- _AIM OF THE EXERCISE_
Each line of the records containing "Kapolsek" is to be copied out and returned.

Short descriptive text snippets:
=== Section Start ===

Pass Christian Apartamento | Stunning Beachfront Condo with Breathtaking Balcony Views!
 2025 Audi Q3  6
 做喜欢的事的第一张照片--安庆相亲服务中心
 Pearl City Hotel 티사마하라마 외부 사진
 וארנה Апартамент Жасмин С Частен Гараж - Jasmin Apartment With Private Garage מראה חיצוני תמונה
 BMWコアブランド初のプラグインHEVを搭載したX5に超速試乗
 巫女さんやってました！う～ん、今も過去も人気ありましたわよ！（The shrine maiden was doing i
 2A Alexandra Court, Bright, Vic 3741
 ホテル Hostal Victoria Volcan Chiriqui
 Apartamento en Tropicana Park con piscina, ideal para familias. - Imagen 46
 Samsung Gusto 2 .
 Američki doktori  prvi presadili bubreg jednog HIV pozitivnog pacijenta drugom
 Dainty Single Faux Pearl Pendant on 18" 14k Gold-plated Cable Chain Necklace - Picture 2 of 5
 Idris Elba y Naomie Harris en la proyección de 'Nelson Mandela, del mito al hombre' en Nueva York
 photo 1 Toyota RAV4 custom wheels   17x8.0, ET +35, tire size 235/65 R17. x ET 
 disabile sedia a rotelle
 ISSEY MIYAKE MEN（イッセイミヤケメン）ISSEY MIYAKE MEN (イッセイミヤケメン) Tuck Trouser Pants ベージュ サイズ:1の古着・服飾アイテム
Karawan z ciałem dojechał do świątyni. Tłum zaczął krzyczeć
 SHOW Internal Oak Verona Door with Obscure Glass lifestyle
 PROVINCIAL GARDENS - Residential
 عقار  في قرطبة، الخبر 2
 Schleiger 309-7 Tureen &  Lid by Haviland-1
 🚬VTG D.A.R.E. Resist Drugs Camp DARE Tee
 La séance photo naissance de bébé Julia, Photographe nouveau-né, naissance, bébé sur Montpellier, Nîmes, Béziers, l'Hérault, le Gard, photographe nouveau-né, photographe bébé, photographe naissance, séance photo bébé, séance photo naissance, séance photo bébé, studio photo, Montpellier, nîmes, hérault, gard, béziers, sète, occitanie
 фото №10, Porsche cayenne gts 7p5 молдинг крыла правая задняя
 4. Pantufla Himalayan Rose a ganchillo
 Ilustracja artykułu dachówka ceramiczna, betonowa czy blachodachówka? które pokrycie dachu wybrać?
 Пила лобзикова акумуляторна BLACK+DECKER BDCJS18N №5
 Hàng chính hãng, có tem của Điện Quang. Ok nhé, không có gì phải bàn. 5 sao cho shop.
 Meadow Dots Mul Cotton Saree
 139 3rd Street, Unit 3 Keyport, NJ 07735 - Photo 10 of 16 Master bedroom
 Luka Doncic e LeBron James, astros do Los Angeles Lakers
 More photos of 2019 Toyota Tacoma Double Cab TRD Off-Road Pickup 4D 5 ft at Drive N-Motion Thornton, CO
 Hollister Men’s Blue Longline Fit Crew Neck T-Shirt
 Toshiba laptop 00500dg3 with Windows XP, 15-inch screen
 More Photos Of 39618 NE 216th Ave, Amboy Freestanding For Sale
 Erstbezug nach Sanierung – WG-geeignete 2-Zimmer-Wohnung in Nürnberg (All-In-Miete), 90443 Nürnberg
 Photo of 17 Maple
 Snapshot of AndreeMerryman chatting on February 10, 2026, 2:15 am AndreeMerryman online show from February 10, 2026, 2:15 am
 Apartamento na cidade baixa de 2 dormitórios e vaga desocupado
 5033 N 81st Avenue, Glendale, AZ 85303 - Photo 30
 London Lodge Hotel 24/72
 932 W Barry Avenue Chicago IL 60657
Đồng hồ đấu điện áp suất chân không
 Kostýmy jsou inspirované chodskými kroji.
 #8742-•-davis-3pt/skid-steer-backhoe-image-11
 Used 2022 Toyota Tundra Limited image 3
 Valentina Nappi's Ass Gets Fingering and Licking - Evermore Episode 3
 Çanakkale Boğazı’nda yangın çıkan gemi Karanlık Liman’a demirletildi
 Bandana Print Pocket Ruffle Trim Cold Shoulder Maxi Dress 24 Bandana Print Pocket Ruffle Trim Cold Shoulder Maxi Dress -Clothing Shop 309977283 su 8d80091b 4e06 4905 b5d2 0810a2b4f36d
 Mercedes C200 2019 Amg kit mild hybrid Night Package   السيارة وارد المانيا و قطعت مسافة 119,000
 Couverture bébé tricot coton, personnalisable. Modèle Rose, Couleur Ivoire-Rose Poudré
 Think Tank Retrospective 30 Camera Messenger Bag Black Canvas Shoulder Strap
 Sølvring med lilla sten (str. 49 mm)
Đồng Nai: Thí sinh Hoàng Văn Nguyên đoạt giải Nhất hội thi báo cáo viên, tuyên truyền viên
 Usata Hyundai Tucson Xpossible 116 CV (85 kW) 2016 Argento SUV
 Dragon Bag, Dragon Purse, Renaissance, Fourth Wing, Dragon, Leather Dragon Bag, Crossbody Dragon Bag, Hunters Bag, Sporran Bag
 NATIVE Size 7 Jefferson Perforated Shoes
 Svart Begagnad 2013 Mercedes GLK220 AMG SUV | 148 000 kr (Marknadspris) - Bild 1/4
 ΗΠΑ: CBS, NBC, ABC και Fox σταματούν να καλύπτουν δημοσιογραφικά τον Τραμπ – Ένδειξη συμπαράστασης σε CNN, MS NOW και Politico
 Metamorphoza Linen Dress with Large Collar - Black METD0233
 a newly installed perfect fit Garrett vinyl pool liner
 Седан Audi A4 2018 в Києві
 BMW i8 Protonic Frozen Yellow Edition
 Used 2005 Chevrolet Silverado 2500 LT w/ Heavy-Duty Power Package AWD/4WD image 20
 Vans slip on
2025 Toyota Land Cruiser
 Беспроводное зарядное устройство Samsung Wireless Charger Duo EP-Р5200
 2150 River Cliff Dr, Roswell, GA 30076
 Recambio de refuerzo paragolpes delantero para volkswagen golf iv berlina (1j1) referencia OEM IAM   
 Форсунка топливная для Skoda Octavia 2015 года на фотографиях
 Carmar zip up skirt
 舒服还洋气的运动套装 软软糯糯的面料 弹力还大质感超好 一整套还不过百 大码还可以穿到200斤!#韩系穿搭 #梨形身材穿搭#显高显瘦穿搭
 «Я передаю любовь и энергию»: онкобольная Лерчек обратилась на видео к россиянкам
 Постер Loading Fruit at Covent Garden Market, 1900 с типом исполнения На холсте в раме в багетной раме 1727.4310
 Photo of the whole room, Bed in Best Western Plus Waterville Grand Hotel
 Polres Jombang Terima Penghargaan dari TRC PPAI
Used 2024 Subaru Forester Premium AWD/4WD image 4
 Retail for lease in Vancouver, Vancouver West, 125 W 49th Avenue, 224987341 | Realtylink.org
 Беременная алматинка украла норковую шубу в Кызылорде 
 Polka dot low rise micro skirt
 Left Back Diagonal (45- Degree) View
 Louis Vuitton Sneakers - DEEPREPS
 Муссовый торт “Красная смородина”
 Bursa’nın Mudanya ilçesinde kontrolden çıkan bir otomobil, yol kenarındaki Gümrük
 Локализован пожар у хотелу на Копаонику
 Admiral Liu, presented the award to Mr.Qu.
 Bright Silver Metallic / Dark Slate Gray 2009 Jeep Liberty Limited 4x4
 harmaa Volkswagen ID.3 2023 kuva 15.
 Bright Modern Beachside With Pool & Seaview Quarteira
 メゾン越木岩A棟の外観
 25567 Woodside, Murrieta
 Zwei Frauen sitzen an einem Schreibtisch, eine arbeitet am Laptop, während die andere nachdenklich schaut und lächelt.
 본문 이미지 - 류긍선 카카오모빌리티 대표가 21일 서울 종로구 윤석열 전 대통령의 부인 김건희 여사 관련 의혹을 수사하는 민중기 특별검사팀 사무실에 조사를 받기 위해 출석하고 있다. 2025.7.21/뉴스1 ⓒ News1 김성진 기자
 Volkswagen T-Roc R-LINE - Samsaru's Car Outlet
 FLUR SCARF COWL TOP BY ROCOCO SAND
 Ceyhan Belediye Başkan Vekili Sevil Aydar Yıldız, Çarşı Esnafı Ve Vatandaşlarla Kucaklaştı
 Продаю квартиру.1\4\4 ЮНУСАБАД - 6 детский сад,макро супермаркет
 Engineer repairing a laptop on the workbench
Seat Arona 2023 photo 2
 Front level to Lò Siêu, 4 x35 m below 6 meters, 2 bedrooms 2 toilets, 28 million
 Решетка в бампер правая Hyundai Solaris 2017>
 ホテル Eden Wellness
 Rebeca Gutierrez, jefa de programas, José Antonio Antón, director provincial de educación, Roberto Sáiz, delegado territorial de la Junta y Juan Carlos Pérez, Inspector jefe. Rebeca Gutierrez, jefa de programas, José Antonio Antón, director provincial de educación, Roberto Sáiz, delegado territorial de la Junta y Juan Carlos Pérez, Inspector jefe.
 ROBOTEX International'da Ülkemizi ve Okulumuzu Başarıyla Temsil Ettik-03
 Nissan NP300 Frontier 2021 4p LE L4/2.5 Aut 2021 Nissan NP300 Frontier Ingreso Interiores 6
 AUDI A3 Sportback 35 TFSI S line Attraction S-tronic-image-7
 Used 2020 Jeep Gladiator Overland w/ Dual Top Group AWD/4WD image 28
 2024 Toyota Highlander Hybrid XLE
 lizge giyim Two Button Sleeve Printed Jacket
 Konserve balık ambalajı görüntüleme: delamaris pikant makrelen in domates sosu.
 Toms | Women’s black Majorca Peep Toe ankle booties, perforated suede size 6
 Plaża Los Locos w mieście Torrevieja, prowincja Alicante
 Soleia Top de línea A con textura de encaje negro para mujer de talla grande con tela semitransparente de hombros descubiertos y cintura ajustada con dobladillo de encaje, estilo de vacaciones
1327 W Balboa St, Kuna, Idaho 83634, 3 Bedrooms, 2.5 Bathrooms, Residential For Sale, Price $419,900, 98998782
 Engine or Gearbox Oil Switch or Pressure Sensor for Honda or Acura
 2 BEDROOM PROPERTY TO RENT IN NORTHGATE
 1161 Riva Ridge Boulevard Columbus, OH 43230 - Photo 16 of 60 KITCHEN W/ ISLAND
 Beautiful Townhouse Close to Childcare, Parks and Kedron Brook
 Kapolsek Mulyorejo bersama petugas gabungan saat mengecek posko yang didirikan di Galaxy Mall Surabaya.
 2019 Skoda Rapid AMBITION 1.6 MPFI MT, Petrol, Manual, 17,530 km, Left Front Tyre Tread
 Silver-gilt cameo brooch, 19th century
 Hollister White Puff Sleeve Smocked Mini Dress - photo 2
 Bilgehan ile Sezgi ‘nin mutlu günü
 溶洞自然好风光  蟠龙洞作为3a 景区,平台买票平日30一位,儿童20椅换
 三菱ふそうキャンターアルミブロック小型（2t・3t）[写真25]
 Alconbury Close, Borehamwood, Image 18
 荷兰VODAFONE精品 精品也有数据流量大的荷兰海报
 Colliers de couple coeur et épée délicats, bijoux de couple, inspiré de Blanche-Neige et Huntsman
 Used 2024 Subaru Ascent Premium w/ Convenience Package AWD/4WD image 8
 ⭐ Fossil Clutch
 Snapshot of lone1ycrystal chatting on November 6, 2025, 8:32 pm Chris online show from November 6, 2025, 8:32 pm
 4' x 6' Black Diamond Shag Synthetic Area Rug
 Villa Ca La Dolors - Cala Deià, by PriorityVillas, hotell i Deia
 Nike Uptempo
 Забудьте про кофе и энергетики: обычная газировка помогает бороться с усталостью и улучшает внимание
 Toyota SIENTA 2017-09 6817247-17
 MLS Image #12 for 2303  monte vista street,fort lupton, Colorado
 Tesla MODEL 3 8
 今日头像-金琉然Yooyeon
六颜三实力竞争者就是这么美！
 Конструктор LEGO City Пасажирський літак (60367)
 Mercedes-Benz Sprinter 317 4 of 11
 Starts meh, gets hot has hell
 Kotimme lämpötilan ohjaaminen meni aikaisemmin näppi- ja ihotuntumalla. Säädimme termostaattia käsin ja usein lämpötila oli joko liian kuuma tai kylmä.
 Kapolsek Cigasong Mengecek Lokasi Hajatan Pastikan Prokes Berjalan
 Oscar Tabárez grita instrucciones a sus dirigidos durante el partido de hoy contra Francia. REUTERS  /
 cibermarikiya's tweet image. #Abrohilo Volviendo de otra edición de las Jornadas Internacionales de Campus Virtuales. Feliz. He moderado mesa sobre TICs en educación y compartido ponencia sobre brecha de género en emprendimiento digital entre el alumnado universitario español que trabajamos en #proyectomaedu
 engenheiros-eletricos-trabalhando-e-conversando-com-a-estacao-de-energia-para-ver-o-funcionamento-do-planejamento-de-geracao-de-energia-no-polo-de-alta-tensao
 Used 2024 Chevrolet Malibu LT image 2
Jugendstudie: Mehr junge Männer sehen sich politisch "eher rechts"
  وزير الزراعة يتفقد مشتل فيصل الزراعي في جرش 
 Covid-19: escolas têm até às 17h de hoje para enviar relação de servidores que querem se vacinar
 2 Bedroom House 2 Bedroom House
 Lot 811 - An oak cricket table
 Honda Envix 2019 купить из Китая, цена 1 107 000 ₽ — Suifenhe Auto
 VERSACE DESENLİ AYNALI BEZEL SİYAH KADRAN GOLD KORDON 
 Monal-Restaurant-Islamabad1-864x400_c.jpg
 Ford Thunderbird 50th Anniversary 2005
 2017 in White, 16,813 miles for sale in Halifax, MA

=== Section End ===

- _TASK ANSWER_
 Kapolsek Mulyorejo bersama petugas gabungan saat mengecek posko yang didirikan di Galaxy Mall Surabaya.
 Kapolsek Cigasong Mengecek Lokasi Hajatan Pastikan Prokes Berjalan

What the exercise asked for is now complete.